If the question had not been presented to and passed upon by the Supreme Court after 1870, it was obviously precisely because, in the opinion of the profession, the new statute had not brought about the change which counsel contends for.
The practice of the court has been declared to be the law of the court, and, if the practice on this subject was declared to have become fixed as far back as 1880, how could it be expected that we should change it twenty-four years later?

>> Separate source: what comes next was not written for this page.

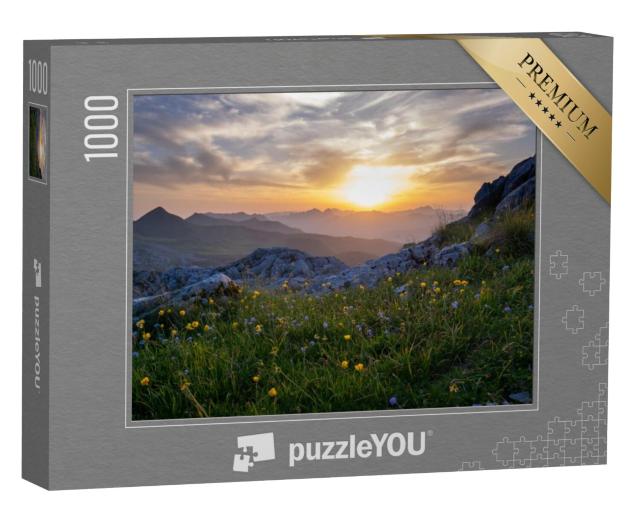 Puzzel 1000 stukjes „Zonsondergang op de berg Taljanka tussen Albanië en Montenegro“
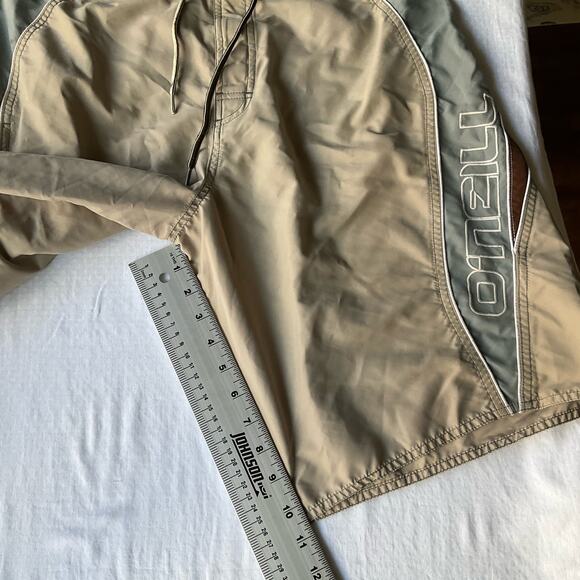 O’Neill Men’s Swimming Trunks size 34, Beige & Gray, Zipped Hidden Pocket - Picture 5 of 10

To make this change would work the greatest injustice to parties and attorneys who had based their conduct upon a constant jurisprudence.
Counsel himself refers to numerous decisions of this court recognizing the existence of the practice: Rost v. St. Francis’ Church, 5 Mart. (N. S.) 192; Bell v. Williams, 3 La. 250; Palfrey v. Winter, 8 La. 205; Vancampen v. Morris, 6 Rob. 79; Bouligny v. M. White, 5 La. Ann. 31; and French v. Harrod, 9 La. Ann. 21; and to the later cases of Rosetta Gravel Co. v. Adler, 52 La. Ann. 689, 27 South. 183, and Posner v. Southern Exhaust & Blow Pipe Co., 109 La. 658, 33 South. 641, which later cases, he declares, have no bearing, as matters fell under the terms of the act of 1870.
The views we have expressed above are a repetition of those recently announced in State ex rel. Perkins v. Recorder, 111 La. 237, 35 South. 534, to which our attention has been specially called by appellant’s counsel. The point now urged by the appellee was directly presented in that case, and was held to be not well taken.
The act of 1870 found the jurisprudence fully established at that time as to the date up to which an appellant could file his transcript when the court should be in actual session on the fixed return day, but the situation was not defined as to what it should be if the court was not in session on that day. The object of the statute was simply to place that particular situation beyond controversy, not to alter or -repeal the already settled practice. There is no inconsistency between the provisions of the new statute and the continuance of the prior practice.
*1009The motion to dismiss the appeal is denied.